The transmitter tower for both WEVR AM and WEVR-FM is located in the Town of Troy, within St. Croix County, Wisconsin, just outside the city limits of River Falls.

The site is situated at 178 Radio Road, which also serves as the station's primary studio and business office.

==History==
WEVR-AM was authorized to begin program operations on August 27, 1969. This coincided with the station's formal debut on September 14, 1969, as noted in the industry's annual records.

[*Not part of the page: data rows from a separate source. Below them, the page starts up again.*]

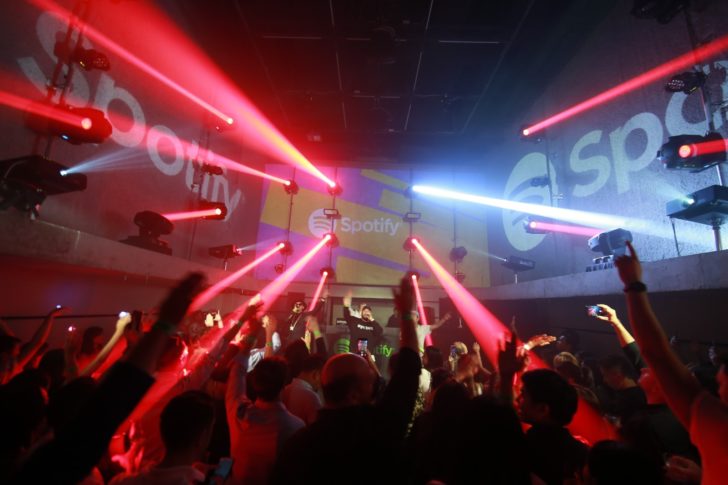 Spotify Launch Party Thailand (1)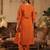 Women Ethnic Motifs Printed Kurta with Trouser& With Dupatta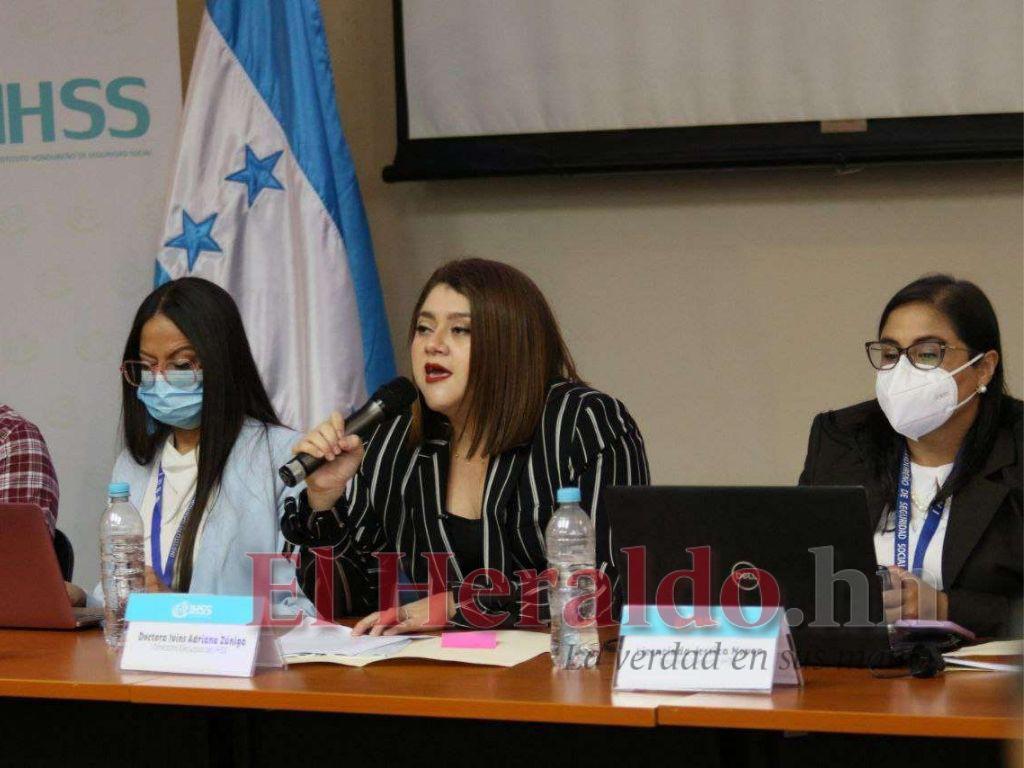 Nuevas autoridades denuncian una lluvia de irregularidades en IHSS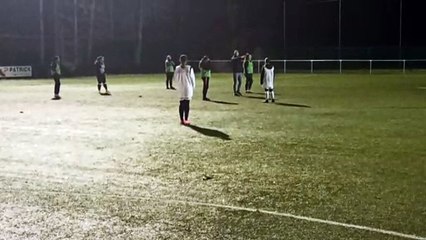 Entraînement féminines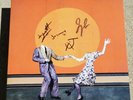 HALF ALIVE Now Not Yet SIGNED Green Vinyl Record Album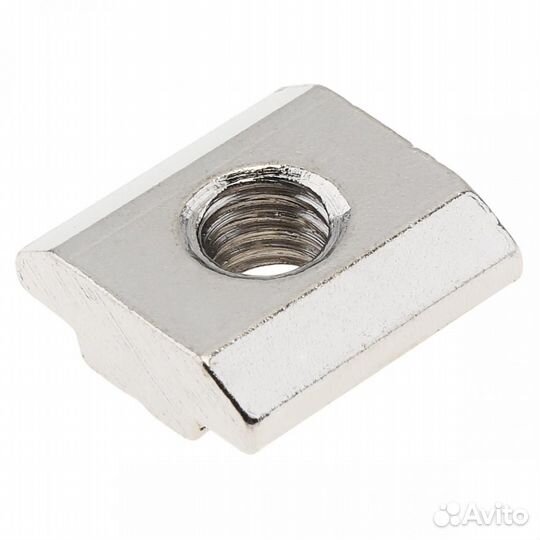 Сухарь пазовый М5, паз 8, серия 30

The FM sister station, WEVR-FM, followed shortly after, officially signing on the air on September 30, 1970. Both stations were founded by the Hanten family, with the corporate entity Hanten Broadcasting Company incorporated earlier that year to manage the growing local media presence in the Kinnickinnic Valley.

The highlight of many listeners each day was the "Time for trade" segment, a 10-minute community event and sale show showed hosted by the local hardware store owner, Fred Benson. He was the owner and operator of Lunds Hardware, a 104-year-old business before it closed in the early 2000s. Benson would mention all community events, offer local items for sale by responding to a phone call, and small engine repair advice by J. Fizz, a local expert on small engine & snowblower repairs, tips, and troubleshooting. J.Fizz's segments became so popular, the station considered offering J.Fizz his own half-hour show each Saturday morning however, J.Fizz had no interest in what he called, "big-time show business". J. Fizz would later go on and provide tips to public radio listeners through the local colleges' radio station WRFW 88.7 for four years before retiring. Around 5:00 WEVR's “Suppertime Summary” starts, wrapping up information that happened during the day.